## Recorded information

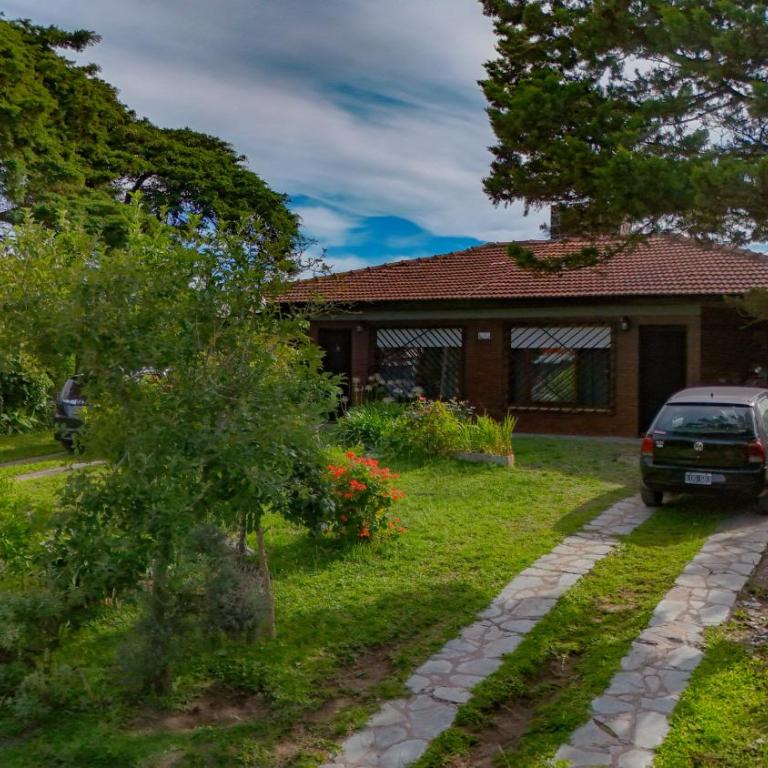 G&S Alojamiento - Two-Bedroom House - 2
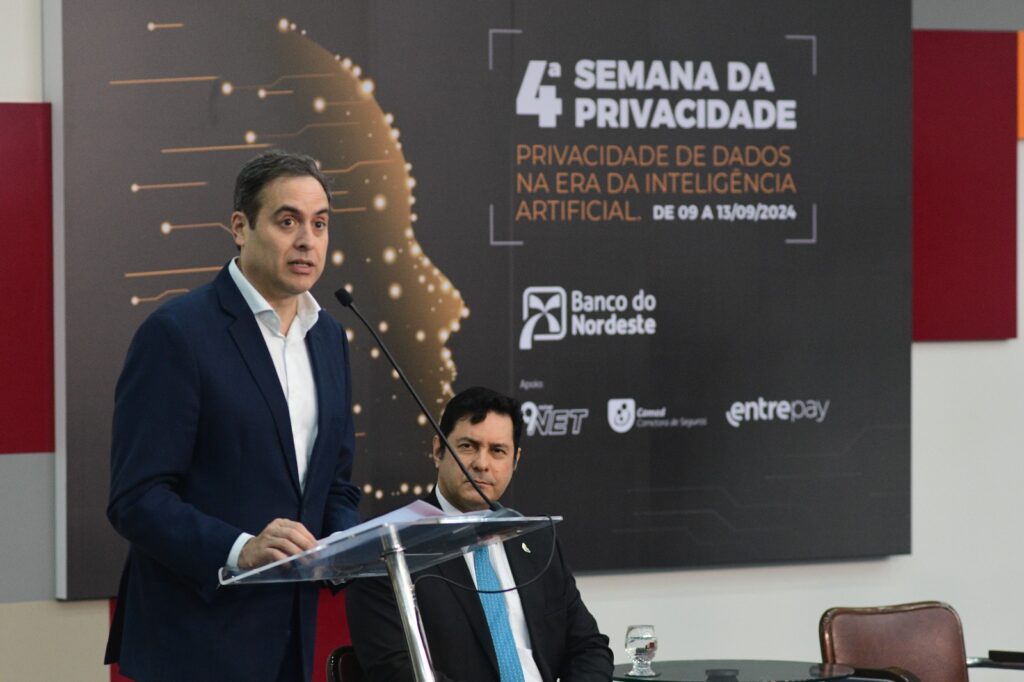 Banco do Nordeste debate regulação da inteligência artificial em evento sobre privacidade de dados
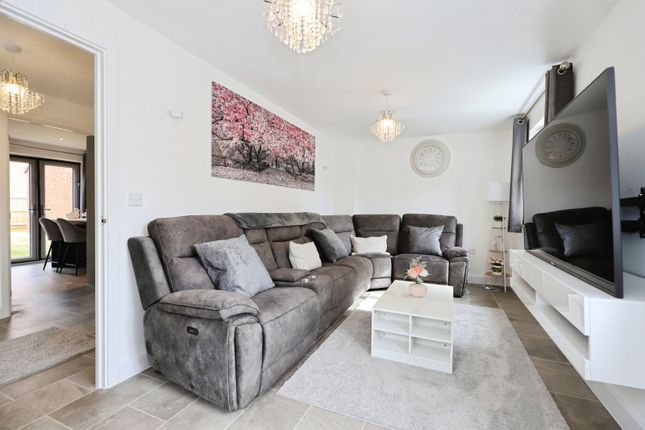 2, Bluebell Crescent, Kidderminster photo 2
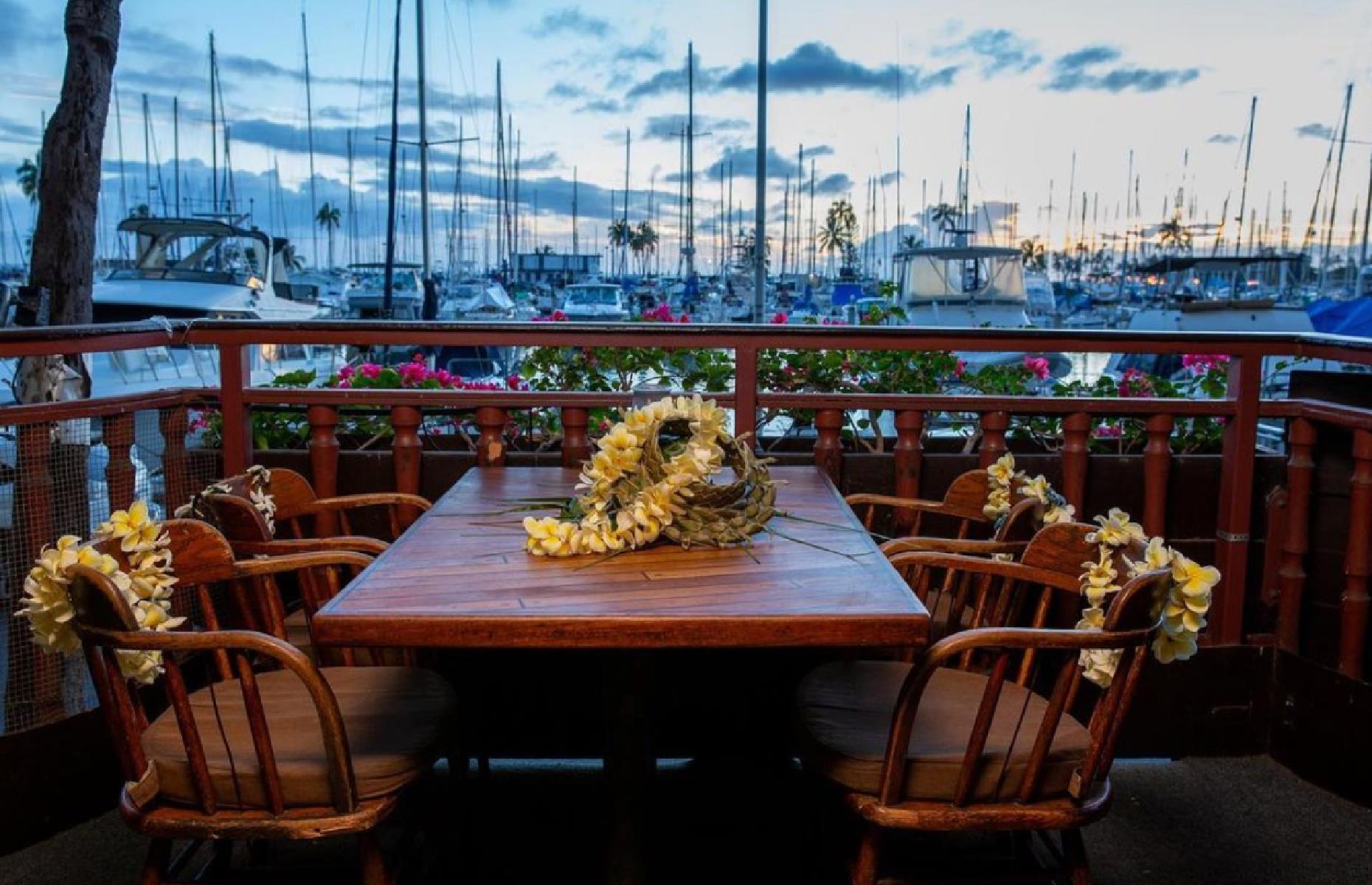 38. Chart House Waikiki, Honolulu, Hawaii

## Exercise details
Leave out the pictures, and write out all the remaining data above exactly.

## Result for this exercise
 G&S Alojamiento - Two-Bedroom House - 2
 Banco do Nordeste debate regulação da inteligência artificial em evento sobre privacidade de dados
 2, Bluebell Crescent, Kidderminster photo 2
 38. Chart House Waikiki, Honolulu, Hawaii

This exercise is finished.